Nothing in the records may be altered, and no picture may be included. Restate them in full.
START RECORDS FOR PROCESSING
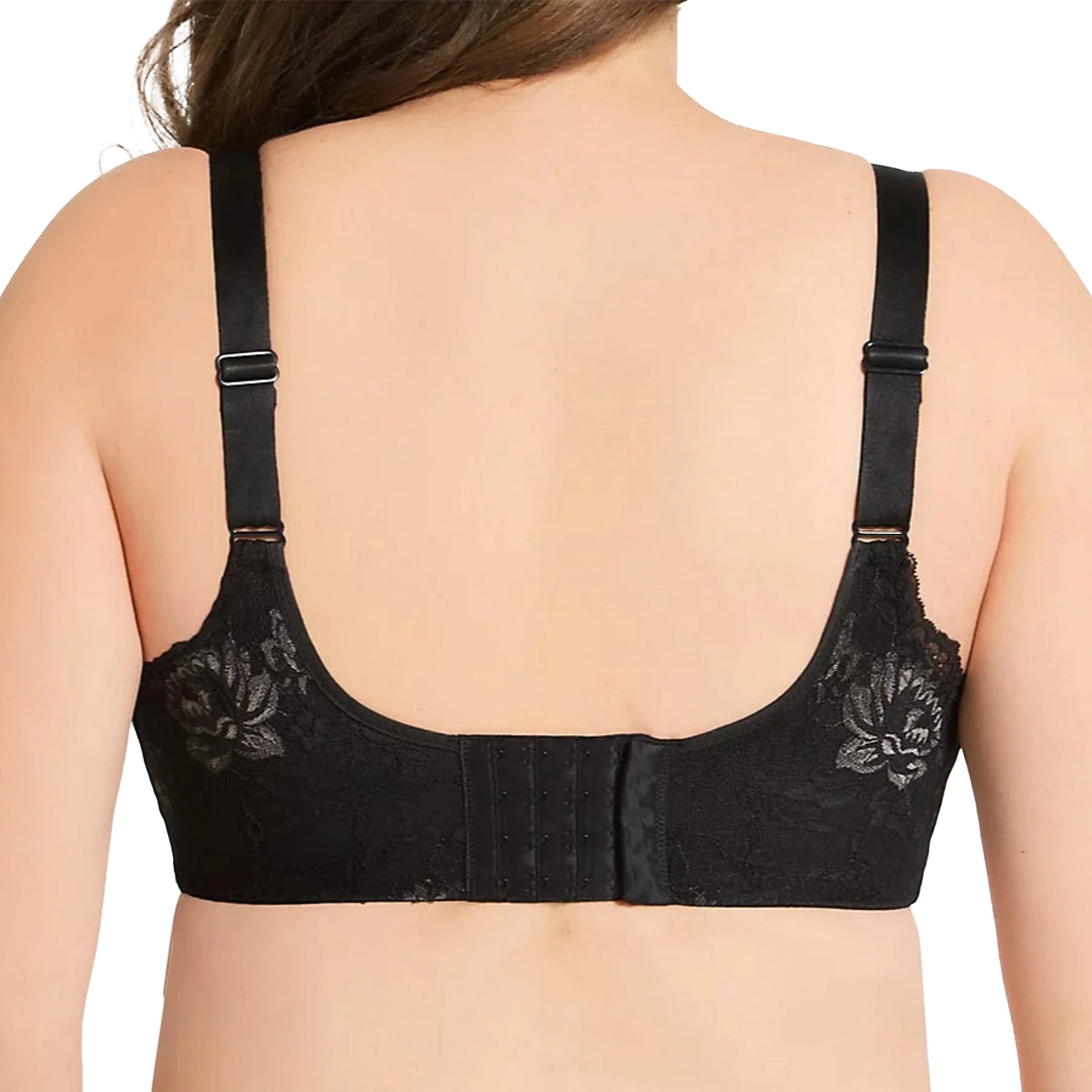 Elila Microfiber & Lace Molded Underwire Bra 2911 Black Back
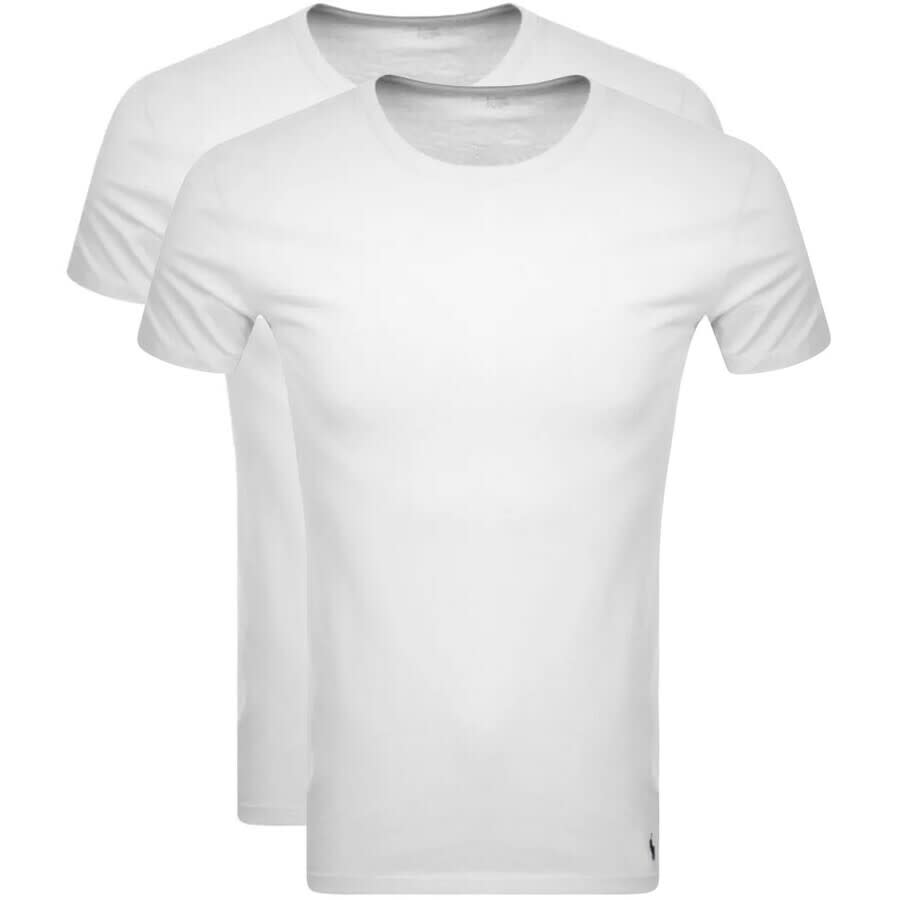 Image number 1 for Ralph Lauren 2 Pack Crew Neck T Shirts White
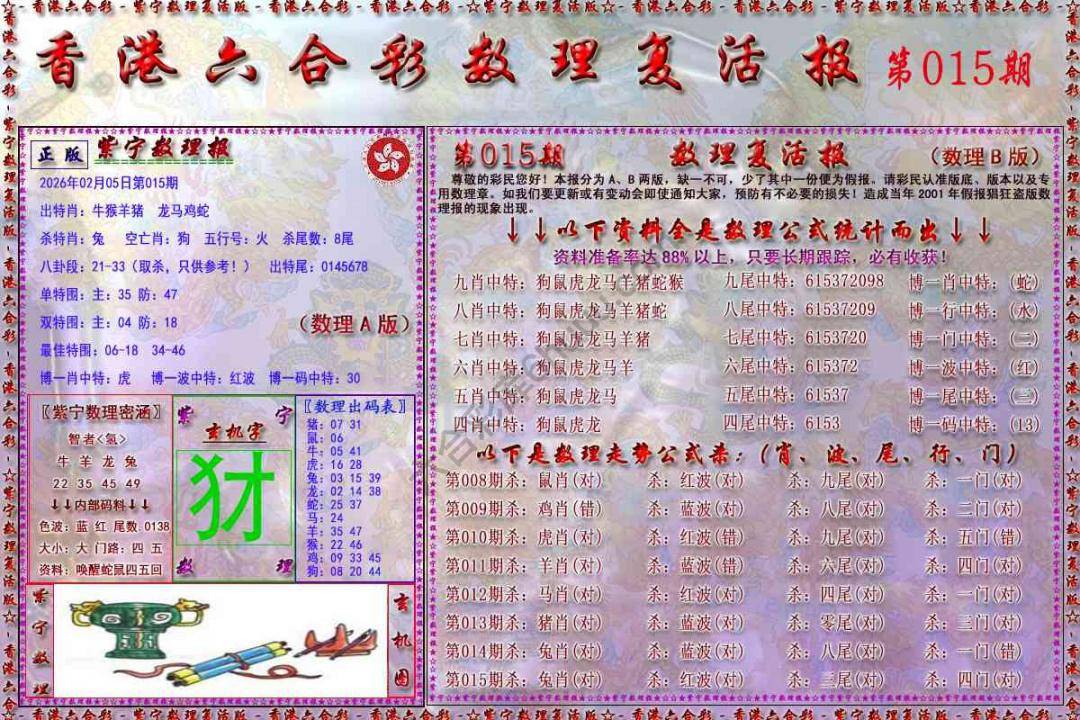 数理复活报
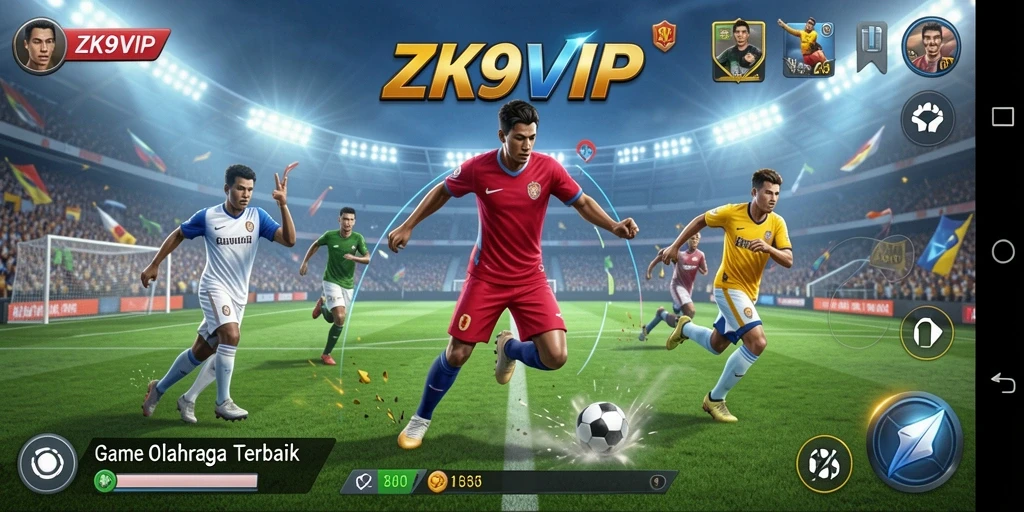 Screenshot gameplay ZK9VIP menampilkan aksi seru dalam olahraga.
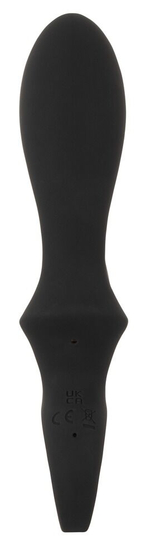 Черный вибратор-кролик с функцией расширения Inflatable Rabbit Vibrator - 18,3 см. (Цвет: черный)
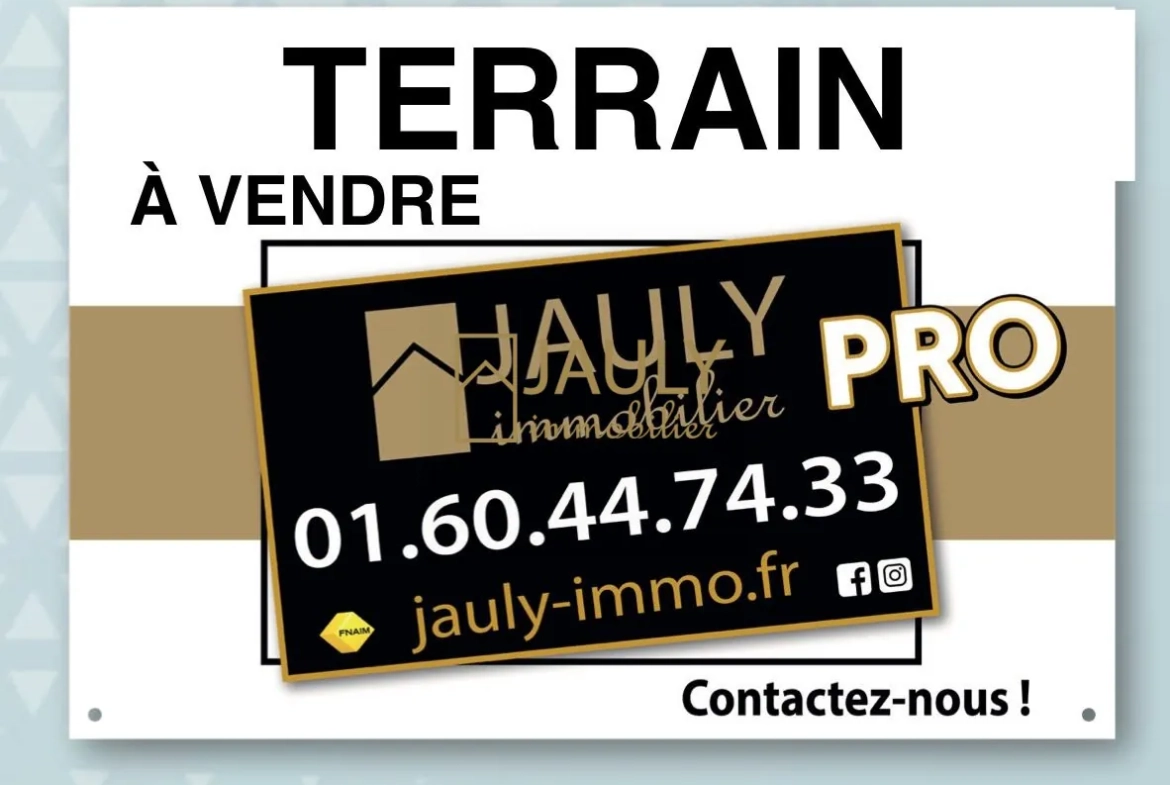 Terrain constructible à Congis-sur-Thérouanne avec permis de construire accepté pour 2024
END RECORDS FOR PROCESSING
_WRITTEN SOLUTION_.
 Elila Microfiber & Lace Molded Underwire Bra 2911 Black Back
 Image number 1 for Ralph Lauren 2 Pack Crew Neck T Shirts White
 数理复活报
 Screenshot gameplay ZK9VIP menampilkan aksi seru dalam olahraga.
 Черный вибратор-кролик с функцией расширения Inflatable Rabbit Vibrator - 18,3 см. (Цвет: черный)
 Terrain constructible à Congis-sur-Thérouanne avec permis de construire accepté pour 2024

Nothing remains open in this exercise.